Jumbuck Pastoral Company
- Type: Private
- Founded: 1888
- Founder: HP MacLachlan
- Headquarters: Adelaide, South Australia
- Area served: Australia
- Owner: MacLachlan family
- Number of employees: 135
- Website: jumbuck.com.au

= Jumbuck Pastoral Company =

Australian agriculture company

Jumbuck Pastoral Company is an Australian company that operates numerous cattle stations and sheep stations in New South Wales, the Northern Territory, South Australia and Western Australia.

It is one of the largest landowners in Australia and the biggest wool grower. As at 2013, Jumbuck controlled over 50000 km2 of holdings which run approximately 320,000 head of sheep and 80,000 head of cattle.

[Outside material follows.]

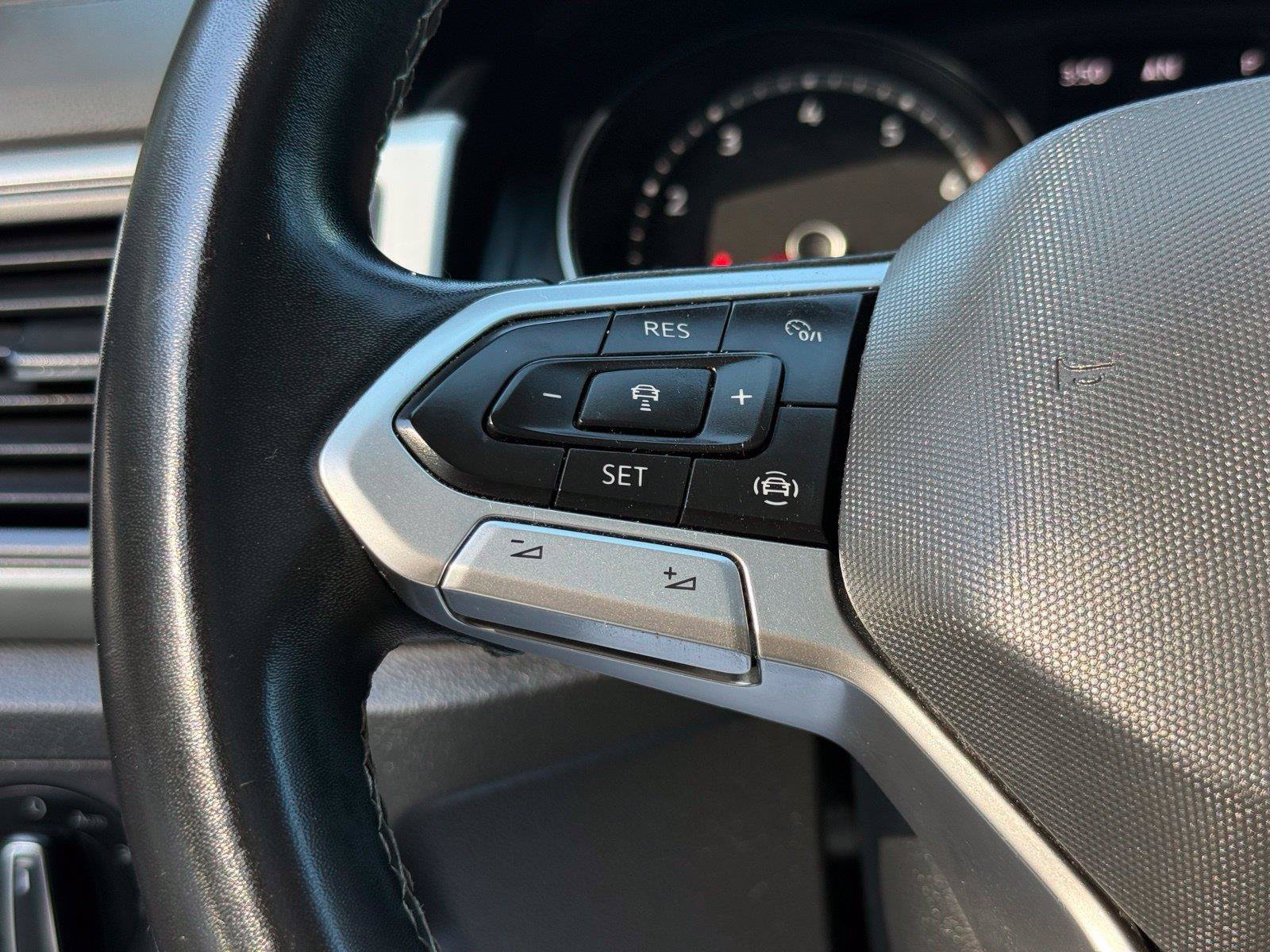 Used 2021 Volkswagen Atlas SE FWD image 38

The company is a privately held company owned by the MacLachlan family and is based in Adelaide.

==History==
Jumbuck Pastoral Company was established in 1888 by H. P. MacLachlan who was known for his ability with stock and being able to ride out a drought. Initially the company was interested in wool growing in the arid at Paratoo Station near Yunta. It later diversified into cattle.

By the mid-1920s MacLachlan's son, B. H. MacLachlan, was running the company after his father had loaned him £16,000 to acquire and develop lands in the Tarcoola area. When MacLachlan Senior died in 1939, B. H. continued to expand the development plan with Commonwealth Hill Station and Mulgathing Station shearing over 100,000 sheep in 1945.

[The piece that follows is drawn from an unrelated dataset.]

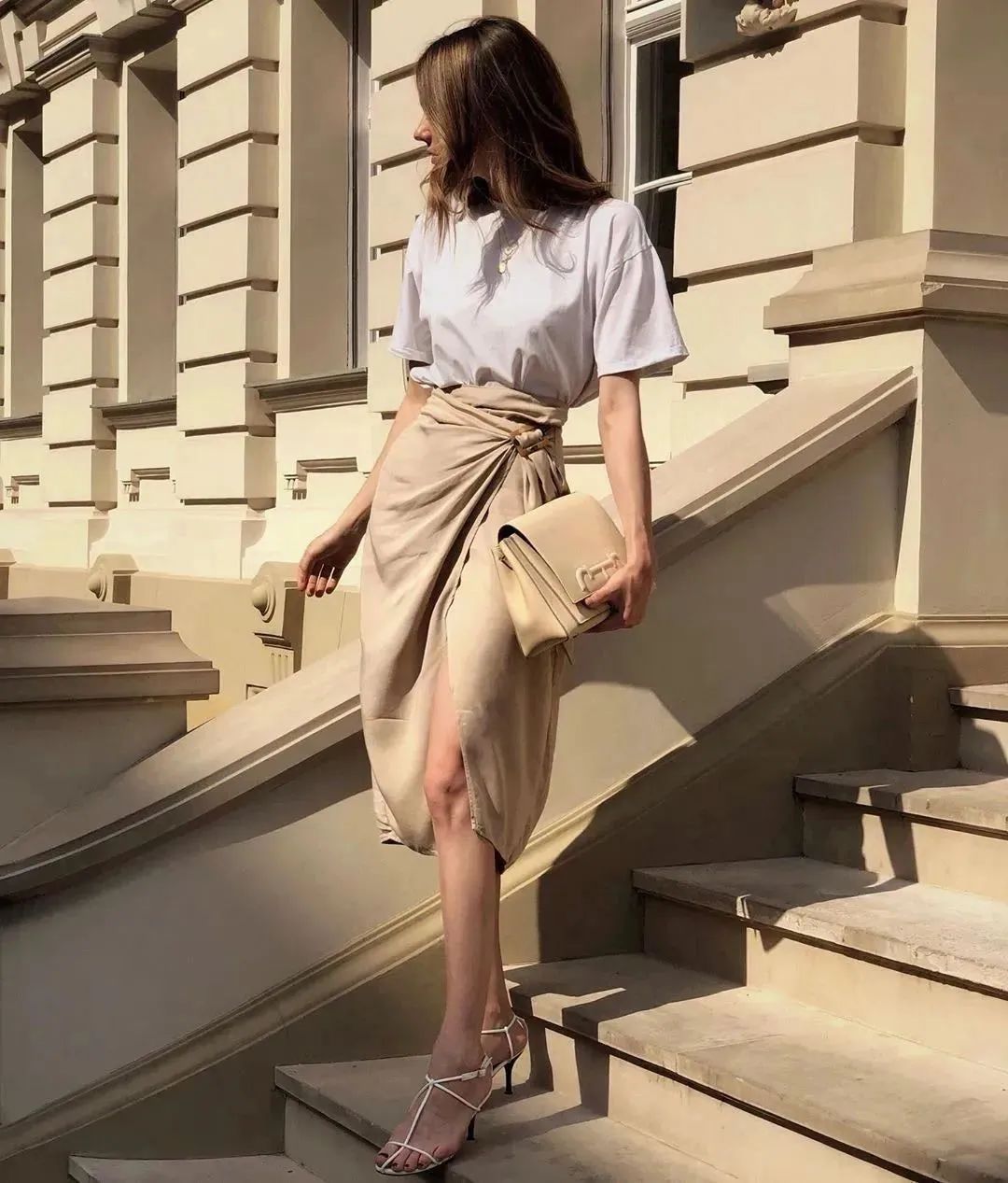 法式|法式上衣+高腰下装，今年夏天必火的组合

B.H. MacLachlan handed over to his son, Hugh MacLachlan in 1960 who took up pastoral leases in Western Australia at Rawlinna Station and Madura Plains.

The company was fined $100,000 in 2005 following the death of a jackaroo in New South Wales in 2001. Hugh MacLachlan stepped down as the managing director of the company in 2009 after nearly half a century in the role. His sons, Jock and Callum, were appointed as joint managing directors.

In 2014 the company acquired Killarney Station in the Northern Territory for $35 million. The property occupied an area of 2819 km2 and supports a herd of approximately 26,000 cattle.

In February 2021, the company acquired the 1.25 million hectare Wave Hill Station in the Northern Territory for $100 million. In April 2023, Fortescue announced it was to acquire Rawlinna Station from Jumbuck Pastoral pending approval from the Government of Western Australia. In November 2024, Fortescue pulled out of the deal citing delays in the approval process.